Latest update December 25th, 2024 1:10 AM
Apr 09, 2009 Editorial
Of recent, the chattering classes have once again begun obsessing about “power sharing”, “shared governance” and other such political devises. They all presume radical changes in our system of democracy – away from the majoritorian one we presently practice.
More pointedly, what these theorists are proposing is that we dump our methodology for selecting a government (by choosing the party or parties that can garner the largest bloc of seats at the general election) and insist that – by some as yet unaccepted agglomeration methodology – all or most of the political parties around coalesce to form the government.
The reason for this intrepid – or foolhardy, depending on one’s perspective – innovation, is that such a government would be more “inclusive” and ipso facto, become more effective than the ones chosen after independence. One is not immediately convinced by the logic of this argument.
At the very minimum, increased size has rarely been used as a rationale for more efficient/effective decision-making or policy implementation. One may assume greater legitimacy for decisions that affect the wider collective – as with the recent expansion of G-8 to G-20 – but never greater effectiveness.
However, one may argue that greater legitimacy in decisions that affect an entire country is nothing to shrug off lightly. It might make more citizens put their shoulders to the national wheel and deliver greater bounties for all of us to share.
But is it a fact that citizens who voted for the opposition don’t give it their all in their day-to-day endeavours? We do not believe that this is the case since it would be a matter of cutting one’s nose not just to spoil one’s face but one’s entire livelihood: we just do not have so many practitioners of Hara-Kiri in Guyana.
Then there is the argument that the government is discriminating against supporters of the opposition in doling out the national patrimony and the inclusion of the latter would ensure a more equitable distribution.
Now this charge is not unexpected and is a standard one trotted out by opposition forces the world over – but not the prescription. After sixteen years, one would have expected that by now the opposition would have compiled a hefty dossier with documented proof on the alleged discriminatory practices that they could share with the country. This has not been forthcoming.
And this brings us to the ethnic argument, floated most recently by the UN expert on minority affairs: Afro-Guyanese perceive themselves as “marginalised”. While there may unquestionably be such a perception, the $64,000 question is whether constituting a government is the best way to overcome such perceptions. And whether it will not push our national integration backwards as politicians represent explicit “ethnic interests”.
We had two such experiments recently – in Kenya and Zimbabwe – in which the former is foundering and the latter never got off the ground because such interests are frequently incommensurable with the realities of the overarching polity.
Horse trading politics can never work when there are just not enough horses for everyone, and no one wants to sacrifice for the national good.

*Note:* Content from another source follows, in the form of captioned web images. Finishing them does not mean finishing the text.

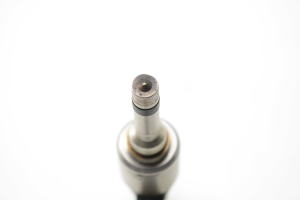 Hyundai i30 (2011–2017) Fuel injector 353102B110 - 3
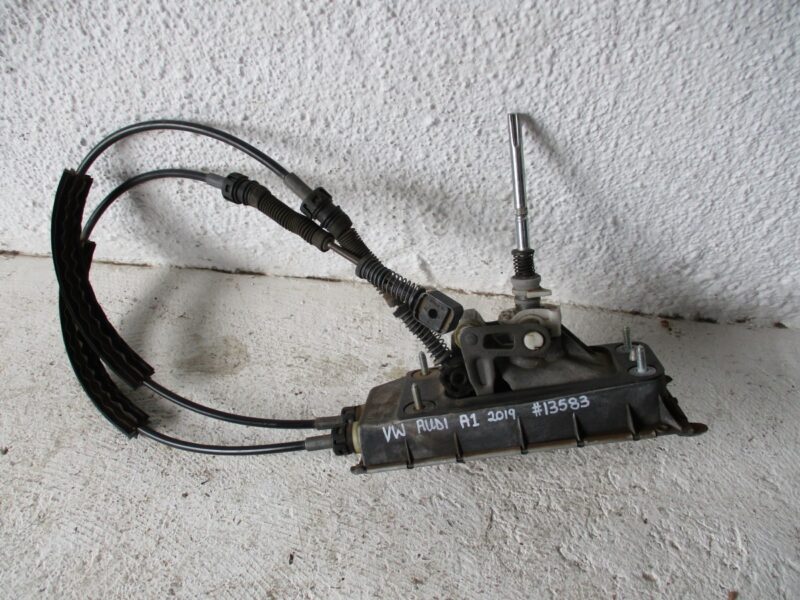 2011 AUDI A1 1.0i (8X1) 3 DOOR GEAR LEVER + LINKS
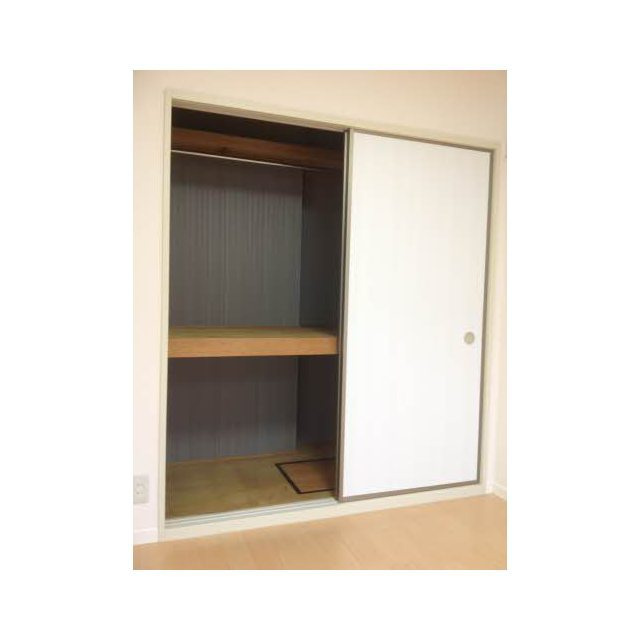 羽島郡岐南町伏屋８丁目のアパートの収納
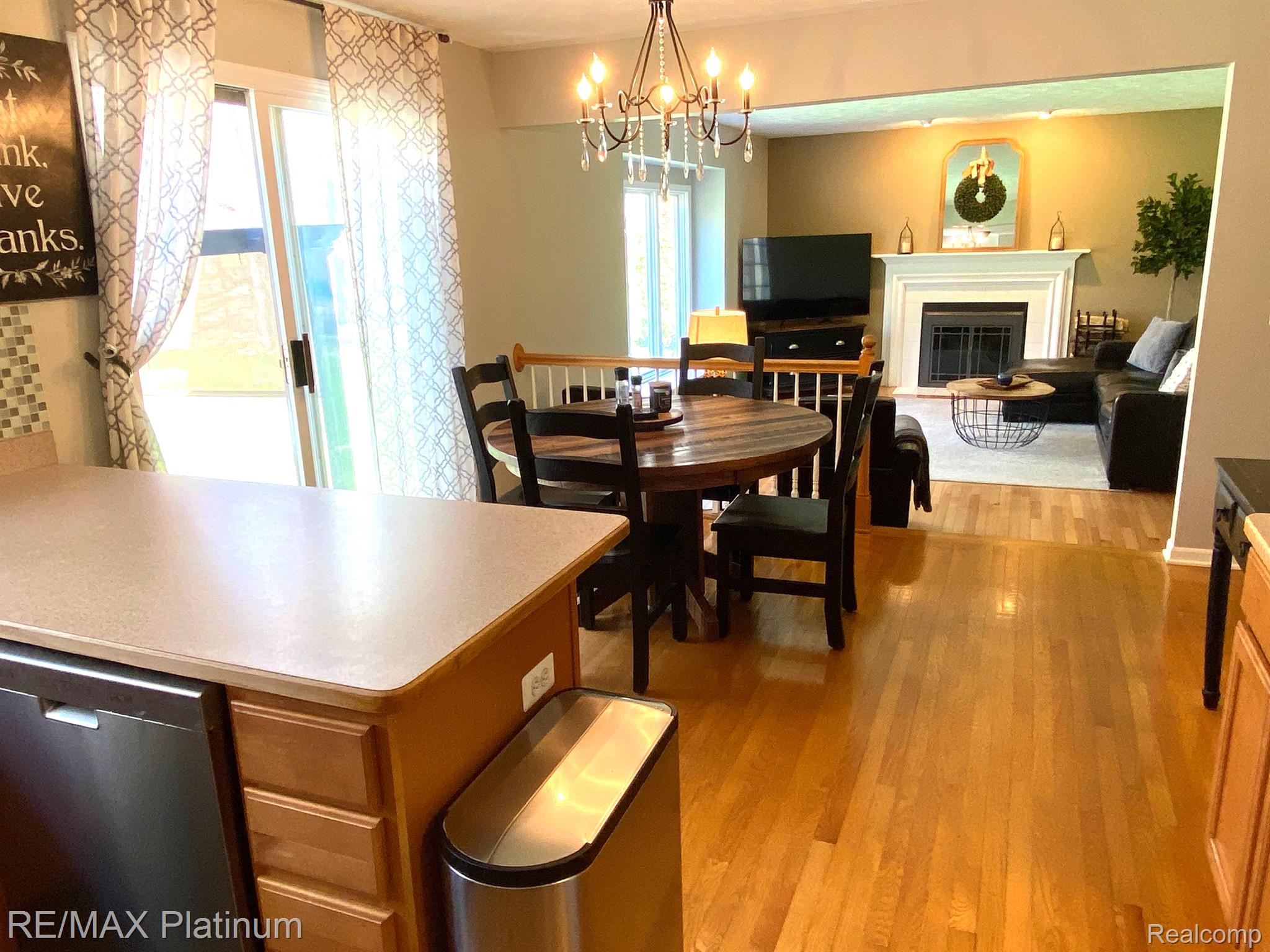 1044 Elk Run Howell, MI 48843 - Photo 15 of 33 Kitchen looking back into Dinette and Great Room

Apart from the aforementioned and other substantive reasons why the opposition may argue for their inclusion into the corridors of power, there arises the question as to why would the party in power – in the face of an increasingly fragmented opposition – entertain such ideas.
At the most mundane level, there is the issue of the inevitable dilution of power and the need to push some of their comrades overboard to accommodate the newfound “allies” from across the aisles. In the cold world of politics, there would have to be some quid pro quo – or more earthily, some mutual back-scratching. So what is the opposition willing to put forward?
In 1999, violence in the streets forced the government to concede changes – but changes in governmental structures were not requested by the opposition. Before those changes could even be digested, there came the new demands for “shared governance”.
So what if, as is happening in Kenya and Zimbabwe, the politicians founder while divvying up the gravy? Request communal rolls? Where does it end? And if it is not to be violence, what other “quid” is available?